8 responses to “Something Old, Something New”

  1. […] For Something Old Something New Post on writing, please go here.  I posted here by […]

  2. This was really interesting–I struggle with wanting to write what I want to and sometimes worrying that it wont fit any mold whatsoever. I also need to get my novel set in England thoroughly edited by someone from England if it ever gets finished/moves that direction!

  3. I seem to write the ground based side of space opera. But it isn’t space opera, so I know that it will not reach the same audiences. Sigh.

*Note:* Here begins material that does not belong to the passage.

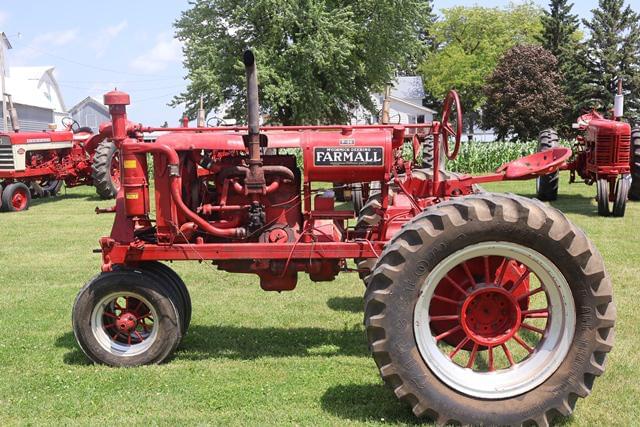 Image of Farmall F-20 equipment image 1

  4. A lady I knew (well, a *girl*, since she was all of 24) who was dealing with the social implications of getting a 3 book contract with Avon while the old ladies in the romance club were still trying to break into category, put it this way… “Write the book of your heart… that you think will *sell*.”

    Making an overlapping circle chart seems like a good way to illustrate that convergence without implying that a person is supposed to write something salable *instead* of writing the story “of their heart.”

  5. Yeah, I’ve got an “Urban Fantasy” knocking on the front door, and threatening to break it down if I don’t answer pretty soon. I keep yelling down from the balcony that I’ll let it in as soon as I figure out how to write it as first person, kick-ass female MC, and would she please just go away for a few months?

  6. I’m semi-marketing the Colplatschki books as sci-fi and “alternative history” because, well, they are set in the 17th century. I just alternated the planet, the sex of the protagonist, the religions, the topography (the Carpathians now run north-south), the . . .

    It will be interesting to see if the books get howls of protest because they are not the 16–/ Turtledove alt-hist, or if people will be willing to go, “hmm, OK, close enough. I’ll buy the next one.”

  7. Hydrogen peroxide fetishes ….

    I’d read that.

    1. BobtheRegisterredFool Avatar
      BobtheRegisterredFool

      Ick. Now, liquid ozone, on the other hand, goes great with recreational drug users of all sexes and most ages.

      Example Story That Otherwise Fails

      Once a maniac found a tarnished brass ring while walking the streets.

      He took it home, and polished it up.

      A rather pretty girl with blue skin showed up.

      ‘I am the Genie of the ring, and I will grant you three wishes.’

      ‘You know, you have very pretty skin. It reminds me of liquid Ozone. My first wish is probably going to be for a lot of liquid Ozone.’

      Then the man sat down, and worked out the math. He pulled references from textbooks, the internet, and maybe even a few journals. He found several errors in his work, and chased some lines of analysis that turned out to be beyond what he could figure out.

      ‘For my first wish, I would like Mars replaced, no, transformed into the mass of liquid Ozone described in section one.’

      The genie got up from the book she was reading, paged carefully through section one, looked the man in the eye and said ‘Done.’

      ‘For my second wish, section two is a list of, umm…, personal items I would like delivered as scheduled to my residence at the time of delivery.’

      She looked at the first few items, and said ‘it shall be done’.

      ‘Lastly, the third wish. Everyone who has recreationally used any of the substances in section three, per definitions in section four, shall be instantly transported to live in their new home on Mars.’